Efectivamente, todo paciente esquizofrénico se siente avasallado, dominado, paralogizado ante la voz alucinada. De ahí su perplejidad, por lo demás, otro síntoma característico de esta enfermedad y que no aparece en el alcohólico que alucina, quien, al vivir la alucinación como un activo percibir, es capaz de identificar (“es la policía”), de ubicar (“ya van a entrar a la casa”) y de actuar (“se esconde debajo de la cama”) (Dörr-Zegers, 1992). El esquizofrénico, en cambio, no identifica, ni localiza en tiempo y espacio, ni tampoco actúa. Quiere decir entonces que él no realiza propiamente el acto de escuchar y que ni siquiera, al alucinar, está percibiendo, sino que es mero objeto de la acción de otro; de ahí su pasividad, su indefensión y su perplejidad. Si quisiéramos llevar esto a una fórmula tendríamos que decir: el paciente esquizofrénico no escucha voces, sino que es hablado o se siente hablado. Y no bien hemos llegado a esta fórmula, caemos en la cuenta de que la discrepancia que preocupaba a los autores clásicos ha desaparecido, vale decir, esa preferencia de los pacientes esquizofrénicos por el sentido del oído no existe porque, así como es hablado, es mirado y con menor frecuencia, tocado. La alucinación auditiva esquizofrénica no pertenece entonces al mismo orden de fenómenos que la visión del alcohólico, puesto que, como dijera Zutt (1963), la correspondencia no es voz-visión, sino voz-mirada.

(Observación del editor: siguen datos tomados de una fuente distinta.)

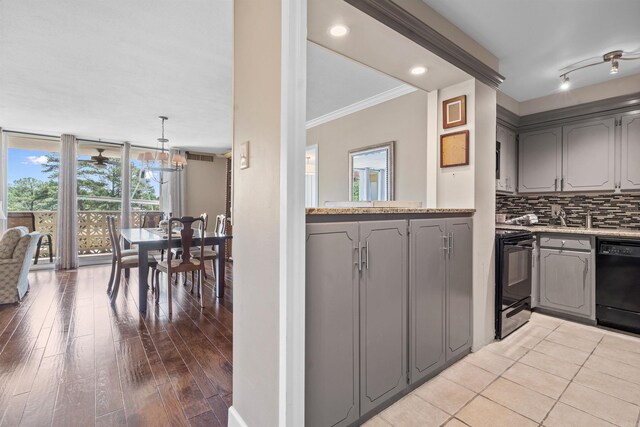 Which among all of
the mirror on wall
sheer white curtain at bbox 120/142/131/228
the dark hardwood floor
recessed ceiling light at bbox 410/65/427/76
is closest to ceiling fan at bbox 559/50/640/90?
recessed ceiling light at bbox 410/65/427/76

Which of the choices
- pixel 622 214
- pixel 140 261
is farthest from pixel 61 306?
pixel 622 214

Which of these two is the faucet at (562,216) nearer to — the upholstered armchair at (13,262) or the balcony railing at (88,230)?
the upholstered armchair at (13,262)

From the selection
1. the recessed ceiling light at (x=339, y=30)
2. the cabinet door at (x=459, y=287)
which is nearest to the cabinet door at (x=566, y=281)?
the cabinet door at (x=459, y=287)

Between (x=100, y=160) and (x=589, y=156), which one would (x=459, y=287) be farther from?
(x=100, y=160)

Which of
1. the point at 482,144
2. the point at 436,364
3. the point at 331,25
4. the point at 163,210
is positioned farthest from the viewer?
the point at 163,210

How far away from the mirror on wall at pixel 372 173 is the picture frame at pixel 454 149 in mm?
912

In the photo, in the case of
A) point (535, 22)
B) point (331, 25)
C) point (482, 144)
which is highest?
point (535, 22)

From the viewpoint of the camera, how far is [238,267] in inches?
61.1

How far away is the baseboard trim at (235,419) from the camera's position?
1.45 meters

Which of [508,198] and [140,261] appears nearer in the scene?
[140,261]

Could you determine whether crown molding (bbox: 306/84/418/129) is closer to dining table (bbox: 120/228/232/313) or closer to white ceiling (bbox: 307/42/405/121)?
white ceiling (bbox: 307/42/405/121)

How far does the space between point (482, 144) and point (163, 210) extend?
263 inches

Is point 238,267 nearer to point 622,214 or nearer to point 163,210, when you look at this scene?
point 622,214

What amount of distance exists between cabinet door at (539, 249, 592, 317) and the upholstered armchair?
19.4ft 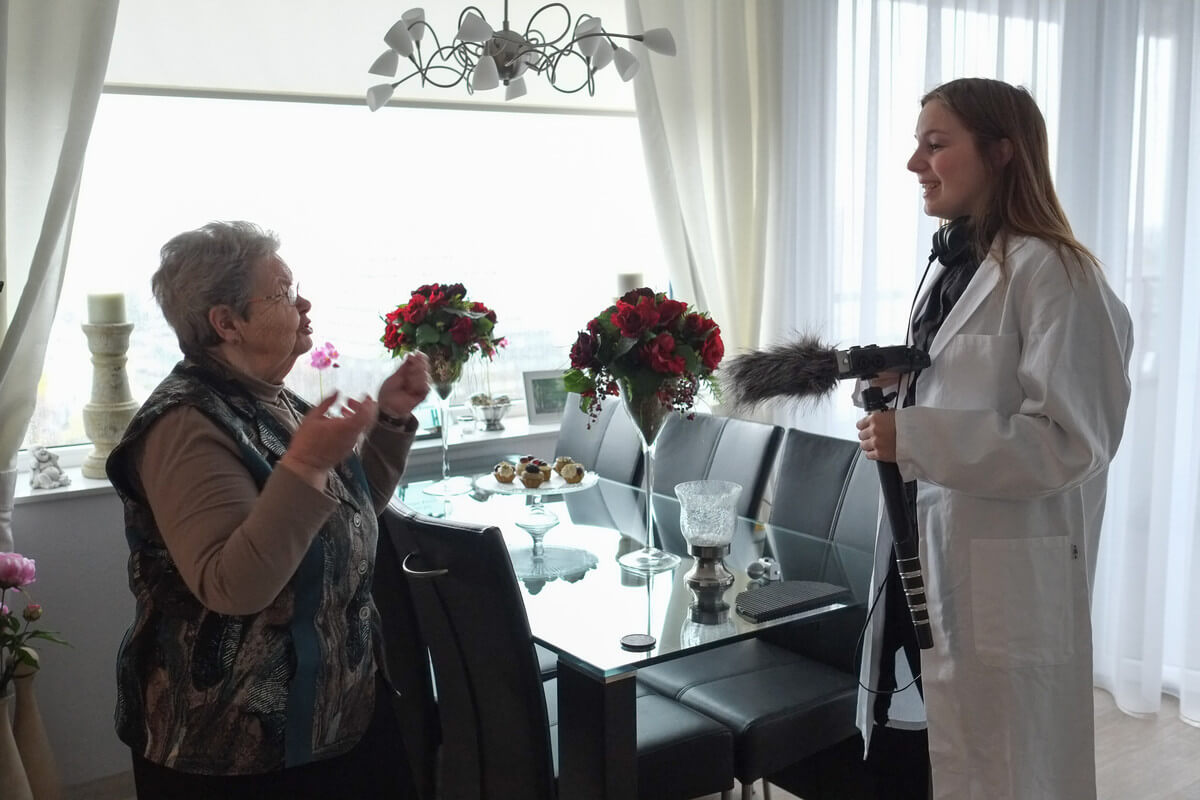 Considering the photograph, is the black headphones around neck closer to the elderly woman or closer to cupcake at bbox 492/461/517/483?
the elderly woman

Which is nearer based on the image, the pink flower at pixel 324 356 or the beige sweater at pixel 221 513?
the beige sweater at pixel 221 513

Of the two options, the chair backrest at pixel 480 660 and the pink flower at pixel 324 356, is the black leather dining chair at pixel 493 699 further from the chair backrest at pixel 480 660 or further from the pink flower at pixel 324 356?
the pink flower at pixel 324 356

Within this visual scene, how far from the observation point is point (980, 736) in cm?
168

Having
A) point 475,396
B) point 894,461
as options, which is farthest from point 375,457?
point 475,396

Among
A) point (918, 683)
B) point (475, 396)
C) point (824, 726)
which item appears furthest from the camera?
point (475, 396)

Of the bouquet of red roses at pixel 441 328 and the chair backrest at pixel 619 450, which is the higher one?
the bouquet of red roses at pixel 441 328

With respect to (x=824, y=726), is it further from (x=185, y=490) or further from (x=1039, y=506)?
(x=185, y=490)

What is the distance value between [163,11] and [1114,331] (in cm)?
261

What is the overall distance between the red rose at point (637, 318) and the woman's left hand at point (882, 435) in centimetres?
59

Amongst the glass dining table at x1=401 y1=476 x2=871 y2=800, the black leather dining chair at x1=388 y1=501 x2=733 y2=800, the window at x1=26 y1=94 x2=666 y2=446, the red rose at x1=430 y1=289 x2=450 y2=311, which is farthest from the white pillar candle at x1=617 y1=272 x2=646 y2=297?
the black leather dining chair at x1=388 y1=501 x2=733 y2=800

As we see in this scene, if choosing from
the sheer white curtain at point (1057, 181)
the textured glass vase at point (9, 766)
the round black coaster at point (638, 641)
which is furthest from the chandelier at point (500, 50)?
the textured glass vase at point (9, 766)

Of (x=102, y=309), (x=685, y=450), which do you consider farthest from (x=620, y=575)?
(x=102, y=309)

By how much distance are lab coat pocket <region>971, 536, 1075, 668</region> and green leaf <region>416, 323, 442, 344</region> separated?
5.32ft

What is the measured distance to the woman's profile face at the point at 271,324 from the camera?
4.92 ft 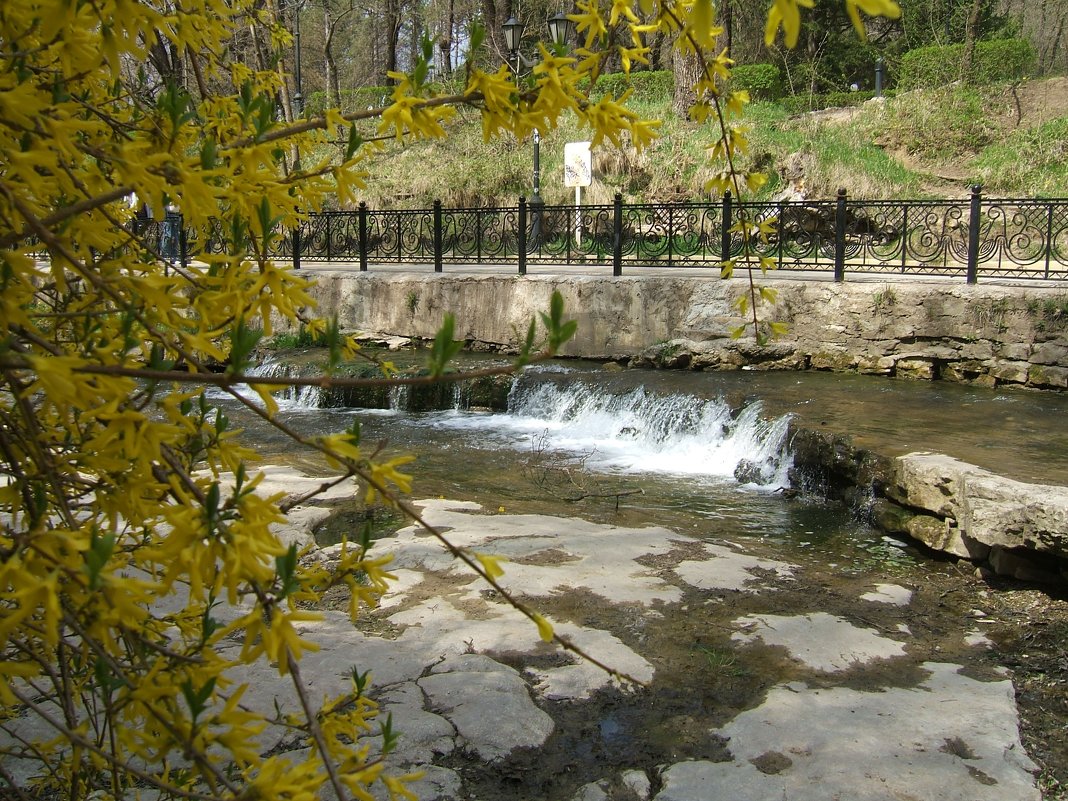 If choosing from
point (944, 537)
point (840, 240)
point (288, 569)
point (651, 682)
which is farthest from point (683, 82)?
point (288, 569)

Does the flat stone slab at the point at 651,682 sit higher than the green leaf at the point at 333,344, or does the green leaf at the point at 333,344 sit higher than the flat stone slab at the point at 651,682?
the green leaf at the point at 333,344

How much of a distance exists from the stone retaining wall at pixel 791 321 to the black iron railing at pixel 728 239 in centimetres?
58

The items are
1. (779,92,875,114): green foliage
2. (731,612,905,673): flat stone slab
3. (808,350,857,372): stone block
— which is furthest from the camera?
(779,92,875,114): green foliage

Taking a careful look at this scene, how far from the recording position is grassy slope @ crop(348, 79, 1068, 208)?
64.2 ft

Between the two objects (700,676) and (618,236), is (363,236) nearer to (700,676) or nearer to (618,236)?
(618,236)

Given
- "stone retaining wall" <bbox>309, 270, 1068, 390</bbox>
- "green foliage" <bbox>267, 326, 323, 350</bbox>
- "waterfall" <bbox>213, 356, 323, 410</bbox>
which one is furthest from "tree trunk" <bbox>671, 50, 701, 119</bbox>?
"waterfall" <bbox>213, 356, 323, 410</bbox>

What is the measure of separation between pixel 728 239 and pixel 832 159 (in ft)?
32.7

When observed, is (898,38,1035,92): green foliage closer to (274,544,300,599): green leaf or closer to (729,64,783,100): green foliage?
(729,64,783,100): green foliage

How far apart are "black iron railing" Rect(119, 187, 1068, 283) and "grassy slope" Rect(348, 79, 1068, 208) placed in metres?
2.94

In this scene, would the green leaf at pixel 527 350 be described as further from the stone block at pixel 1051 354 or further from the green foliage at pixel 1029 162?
the green foliage at pixel 1029 162

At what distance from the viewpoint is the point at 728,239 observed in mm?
11844

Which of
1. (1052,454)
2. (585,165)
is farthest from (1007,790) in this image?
(585,165)

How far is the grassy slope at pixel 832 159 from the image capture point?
19.6 meters

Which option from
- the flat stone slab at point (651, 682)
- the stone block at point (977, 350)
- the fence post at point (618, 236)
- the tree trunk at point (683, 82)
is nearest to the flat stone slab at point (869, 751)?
the flat stone slab at point (651, 682) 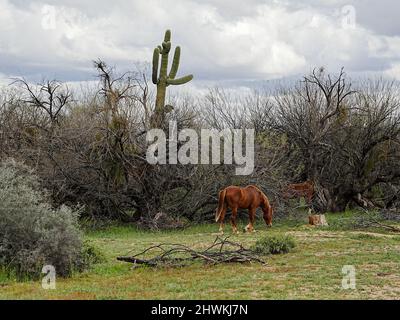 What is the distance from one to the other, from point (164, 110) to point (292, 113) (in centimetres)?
805

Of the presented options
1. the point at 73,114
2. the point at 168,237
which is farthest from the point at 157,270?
the point at 73,114

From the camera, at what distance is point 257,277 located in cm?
1182

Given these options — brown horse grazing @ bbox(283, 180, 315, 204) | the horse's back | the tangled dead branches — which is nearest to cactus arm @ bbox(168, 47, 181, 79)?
brown horse grazing @ bbox(283, 180, 315, 204)

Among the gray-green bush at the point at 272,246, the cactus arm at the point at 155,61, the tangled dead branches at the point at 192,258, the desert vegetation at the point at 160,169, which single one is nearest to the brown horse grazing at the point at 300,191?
the desert vegetation at the point at 160,169

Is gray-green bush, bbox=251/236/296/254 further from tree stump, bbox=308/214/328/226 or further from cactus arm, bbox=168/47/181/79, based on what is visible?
cactus arm, bbox=168/47/181/79

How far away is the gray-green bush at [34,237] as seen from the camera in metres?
12.5

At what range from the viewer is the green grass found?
10352 millimetres

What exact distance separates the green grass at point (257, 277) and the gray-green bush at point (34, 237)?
37 cm

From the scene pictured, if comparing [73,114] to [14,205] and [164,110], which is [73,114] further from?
[14,205]

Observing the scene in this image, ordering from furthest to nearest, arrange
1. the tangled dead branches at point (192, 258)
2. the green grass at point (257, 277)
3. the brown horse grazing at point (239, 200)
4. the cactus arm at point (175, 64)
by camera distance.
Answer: the cactus arm at point (175, 64) < the brown horse grazing at point (239, 200) < the tangled dead branches at point (192, 258) < the green grass at point (257, 277)

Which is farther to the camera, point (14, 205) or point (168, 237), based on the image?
point (168, 237)

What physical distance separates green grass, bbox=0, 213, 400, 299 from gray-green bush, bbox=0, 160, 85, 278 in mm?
370

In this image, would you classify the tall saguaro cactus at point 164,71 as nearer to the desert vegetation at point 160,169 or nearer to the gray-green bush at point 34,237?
the desert vegetation at point 160,169

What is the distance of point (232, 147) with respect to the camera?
23.9 meters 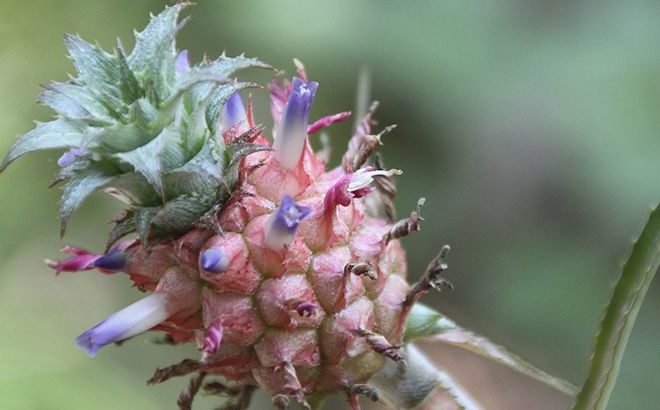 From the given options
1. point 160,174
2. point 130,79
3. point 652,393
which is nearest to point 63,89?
point 130,79

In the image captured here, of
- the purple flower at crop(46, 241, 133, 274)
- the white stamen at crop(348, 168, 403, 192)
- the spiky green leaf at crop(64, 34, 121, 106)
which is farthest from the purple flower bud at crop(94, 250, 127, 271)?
the white stamen at crop(348, 168, 403, 192)

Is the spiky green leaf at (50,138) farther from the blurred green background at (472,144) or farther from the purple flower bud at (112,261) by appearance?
the blurred green background at (472,144)

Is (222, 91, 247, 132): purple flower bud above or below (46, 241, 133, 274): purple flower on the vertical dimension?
above

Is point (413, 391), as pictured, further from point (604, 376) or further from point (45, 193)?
point (45, 193)

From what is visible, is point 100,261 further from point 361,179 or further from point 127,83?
point 361,179

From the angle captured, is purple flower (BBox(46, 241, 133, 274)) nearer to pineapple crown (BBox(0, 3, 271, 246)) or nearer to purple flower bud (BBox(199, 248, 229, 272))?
pineapple crown (BBox(0, 3, 271, 246))

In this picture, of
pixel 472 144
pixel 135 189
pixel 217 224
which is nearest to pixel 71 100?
pixel 135 189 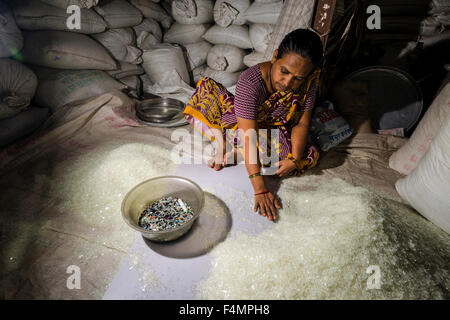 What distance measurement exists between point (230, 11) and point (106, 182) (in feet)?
6.50

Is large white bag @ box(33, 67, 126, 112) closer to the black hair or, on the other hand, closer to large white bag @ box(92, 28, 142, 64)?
large white bag @ box(92, 28, 142, 64)

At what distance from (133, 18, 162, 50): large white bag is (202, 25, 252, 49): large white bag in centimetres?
58

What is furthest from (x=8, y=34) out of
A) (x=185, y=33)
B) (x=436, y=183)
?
(x=436, y=183)

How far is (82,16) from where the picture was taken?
79.4 inches

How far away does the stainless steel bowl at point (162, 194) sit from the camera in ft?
3.71

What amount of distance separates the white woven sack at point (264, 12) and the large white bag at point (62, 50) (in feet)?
4.75

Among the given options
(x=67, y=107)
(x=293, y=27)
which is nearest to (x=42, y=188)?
(x=67, y=107)

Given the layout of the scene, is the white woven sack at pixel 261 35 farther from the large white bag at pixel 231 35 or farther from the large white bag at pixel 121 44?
the large white bag at pixel 121 44

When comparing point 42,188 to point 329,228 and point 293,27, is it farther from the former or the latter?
point 293,27

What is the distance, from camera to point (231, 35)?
2.46m

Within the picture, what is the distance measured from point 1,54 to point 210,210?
6.20ft

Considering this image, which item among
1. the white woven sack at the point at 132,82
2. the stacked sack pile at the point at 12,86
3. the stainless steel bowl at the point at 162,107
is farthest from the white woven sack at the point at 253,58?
the stacked sack pile at the point at 12,86

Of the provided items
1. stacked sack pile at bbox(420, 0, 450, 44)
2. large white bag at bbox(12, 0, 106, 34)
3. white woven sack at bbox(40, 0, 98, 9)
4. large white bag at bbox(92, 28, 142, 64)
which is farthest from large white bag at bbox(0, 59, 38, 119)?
stacked sack pile at bbox(420, 0, 450, 44)

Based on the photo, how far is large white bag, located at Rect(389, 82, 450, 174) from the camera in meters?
1.46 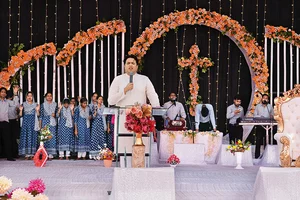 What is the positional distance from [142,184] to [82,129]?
590 cm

Y así, al sacar a la luz el fenómeno anunciado en esa extraña manifestación o síntoma del “oír voces”, se nos abren nuevas perspectivas para la comprensión de lo esquizofrénico propiamente tal. La perturbación de quien se siente mirado y hablado, de quien ha llegado a ser un mero vasallo de la otredad, de quien ha perdido la capacidad de hacer frente al mundo y a los otros, no puede encontrarse en los órganos de los sentidos, ni tampoco en las estructuras cerebrales responsables del estado de conciencia y de su correlativo, el campo perceptual y/o la situación inmediata. Es el binomio persona-mundo lo que está alterado o, dicho en el lenguaje analítico-existencial, es la radical manera de ser-en-el-mundo o más precisamente, de ser-uno-con-otro (Miteinandersein) de Heidegger (1927, 1963, p. 117) lo que se encuentra distorsionado.

III. El problema del diagnóstico de la depresión

Ahora bien, si como afirmara Rümke (op. cit.), todos los síntomas primarios de la esquizofrenia son inespecíficos y es necesario salir a buscar “lo esquizofrénico”, los síntomas o manifestaciones habituales que caracterizan a la depresión son muchísimo más inespecíficos todavía. La falta de ánimo, la angustia, el insomnio o los sentimientos de culpa se pueden dar en muchas patologías y, sobre todo, en las personas normales que no están sufriendo de enfermedad alguna. ¿En qué basarnos para hacer este diagnóstico y proceder luego a prescribir los fármacos necesarios que, como sabemos, no son en absoluto inofensivos? Una investigación empírico-fenomenológica (Dörr-Zegers, Enríquez, Jara, 1971) realizada en el Hospital Psiquiátrico de Concepción entre 1966 y 1970 nos permitió describir un “síndrome depresivo nuclear”, que estaría compuesto esencialmente por tres fenómenos fundamentales: 1) un cambio específico en la experiencia del cuerpo (la “Befindlichkeit” de los alemanes), que se expresa a través de síntomas como decaimiento, angustia, falta de energía, sensación de frío, dolores, etc.; 2) un cambio en la relación del cuerpo con el mundo, que se expresa como una alteración de todas las funciones que nos conectan con el exterior, como la capacidad de atención, concentración, ejecución, decisión, etc. (“das Nicht-Können”, el “no-poder” de Binswanger, 1960); 3) un cambio en la temporalidad del cuerpo, que se expresa como alteración, inversión o suspensión de los ritmos vitales. Un ejemplo de alteración sería el insomnio o la pérdida del apetito, de inversión sería lo que ocurre con el ritmo circadiano y de suspensión, la pérdida del carácter rítmico de las emociones, la interrupción de la menstruación, etc.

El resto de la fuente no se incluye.